## Dataset section
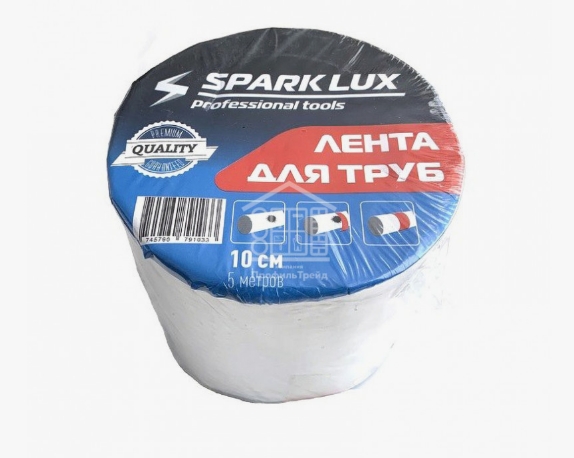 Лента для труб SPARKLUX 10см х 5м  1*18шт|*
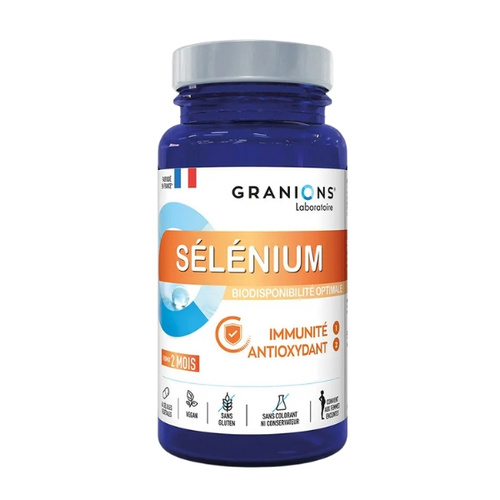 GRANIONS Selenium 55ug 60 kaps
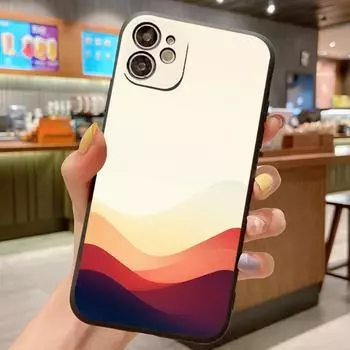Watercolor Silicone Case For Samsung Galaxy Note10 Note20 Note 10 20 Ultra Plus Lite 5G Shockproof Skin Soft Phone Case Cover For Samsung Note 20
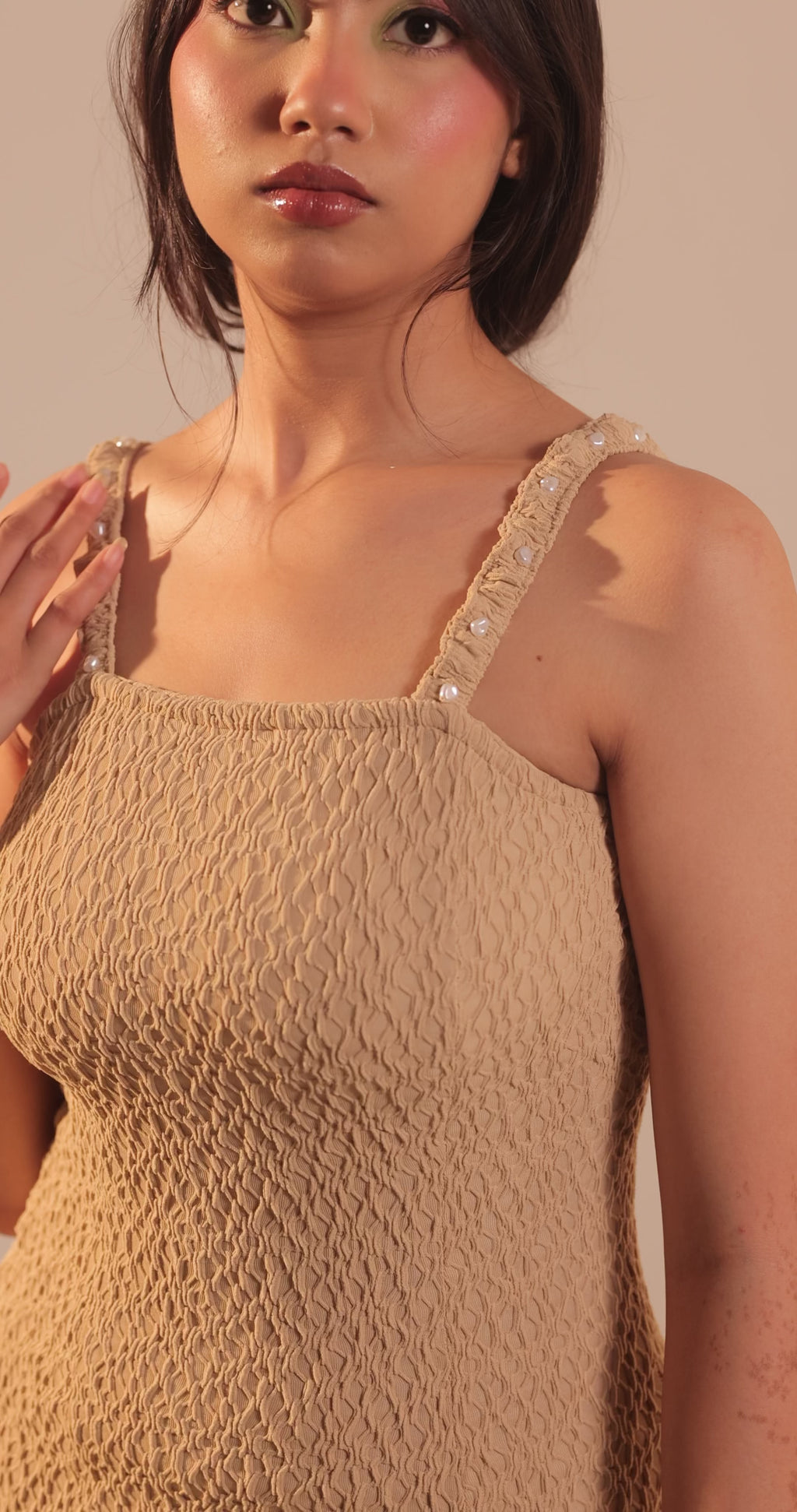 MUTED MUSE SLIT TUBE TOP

## What is required
Please repeat all of the data exactly, excluding images.

## Task result
 Лента для труб SPARKLUX 10см х 5м  1*18шт|*
 GRANIONS Selenium 55ug 60 kaps
Watercolor Silicone Case For Samsung Galaxy Note10 Note20 Note 10 20 Ultra Plus Lite 5G Shockproof Skin Soft Phone Case Cover For Samsung Note 20
 MUTED MUSE SLIT TUBE TOP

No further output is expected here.